In what seems like a new step for Apple, the company is really trying to hammer home the gaming potential for its laptop line. It’s been more than a decade since most folks—laypeople and techies alike—thought of the Mac as a gaming machine, but Apple dedicated an entire room to showing how some games fared on the company’s M3 Pro-powered MacBooks.

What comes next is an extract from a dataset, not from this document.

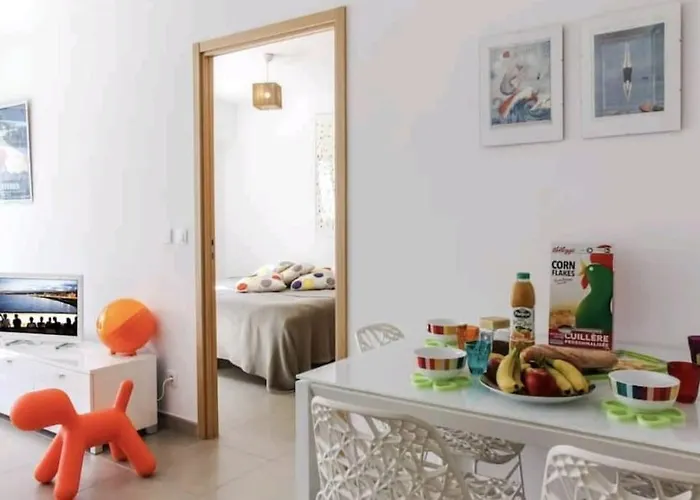 Appartamento Le White Pearl : 4 Prs, Parking, Clim *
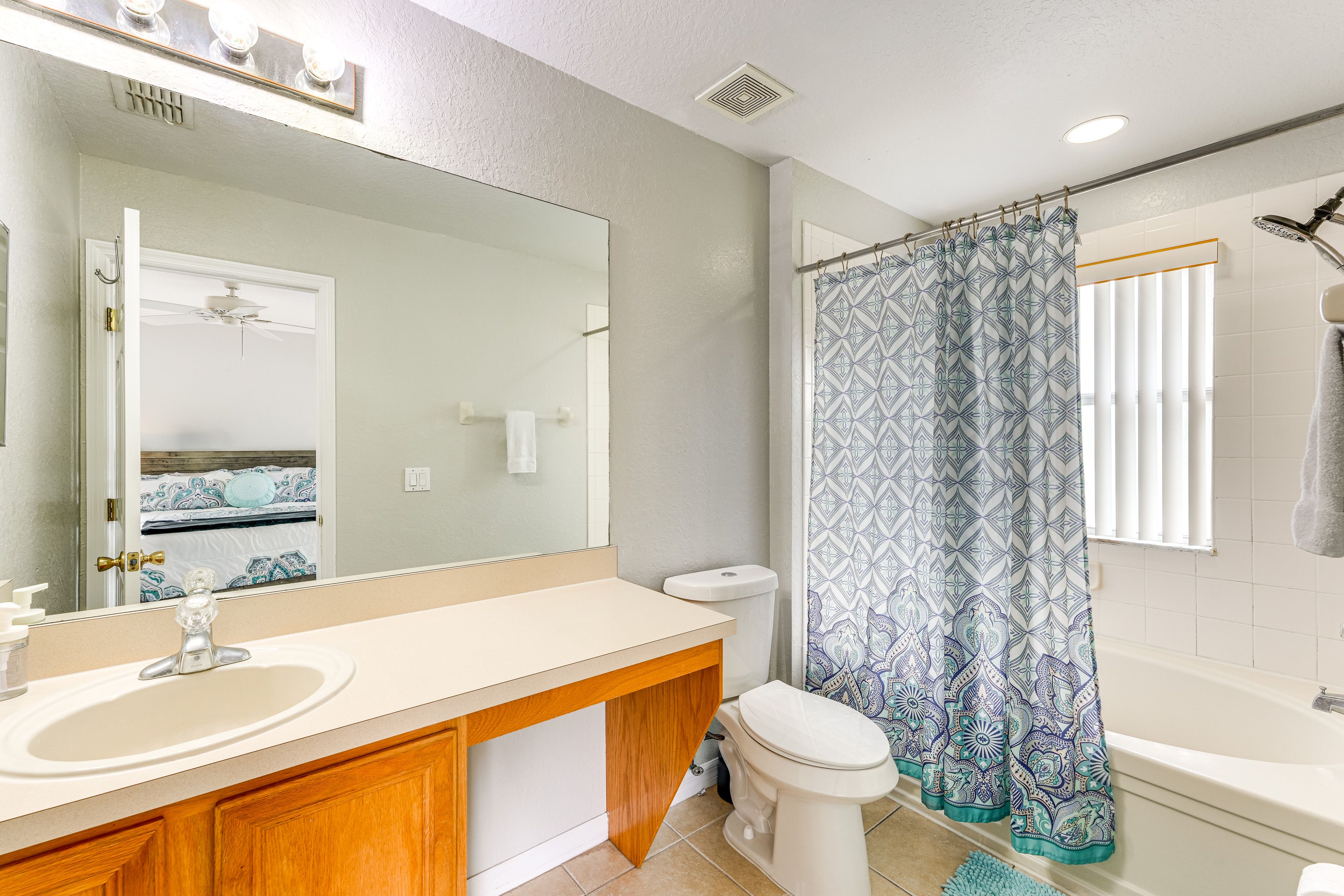 En-Suite Bathroom | 2nd Floor | Towels Provided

I saw Baldur’s Gate III running well on medium settings, but I couldn’t run it on higher settings. It was a similar story with another MacBook running Lies of P, which was also on medium to low settings. Otherwise, the company was showing off a few in-house benchmark demos and games like Myst, which few would consider a very demanding experience. The M3-powered iMac can play Stray on high settings if that really says anything about its overall gaming performance.

Oh, that’s right. There’s also a 24-inch M3-powered iMac. The iMac refresh made such little impact Apple barely dedicated more than two minutes during its presentation to its mainstay desktop PC. It’s the first we’ve seen of the device since 2021, but a few Apple fans were crossing their fingers to see a 32-inch iMac grace the scene—no such luck. The newest refresh isn’t all too refreshing, anyway. Despite the iPhone 15 finally switching to USB-C, the Magic Keyboard, Magic Mouse, and Magic Trackpad still use Lightning.

Apple Says Goodbye to The Touch Bar

One thing that did not make an appearance was the 13-inch MacBook Pro with Touch Bar keyboard, which started at $US1,300 for the M2-powered version, signaling the end of the divisive Touch Bar era. The base M3 MacBook model also only has 8 GB of RAM, which is a low starting point for any laptop, let alone one housing a faster CPU than its predecessors. You’ll have to spend $US2,000 to get the M3 Pro version with a base 18 GB of unified memory at 14 inches. The 16-inch Pro model only comes in M3 Pro and M3 Max flavors, starting at $US2,500 and $US3,500, respectively. Oh, and if you want that sleek black color, you’ll need to jump for the M3 Pro or M3 Max.

As noted by MacRumors, the new M3 Pro chip has 25% less memory bandwidth than the M1 and M2 Pro CPUs, a notable exception, but it could be a moot point depending on how well the new MacBooks do out in the field. Let’s hope we get a full year with these devices before ending up in Apple’s spooky graveyard like the ill-fated M2-powered MacBook Pros.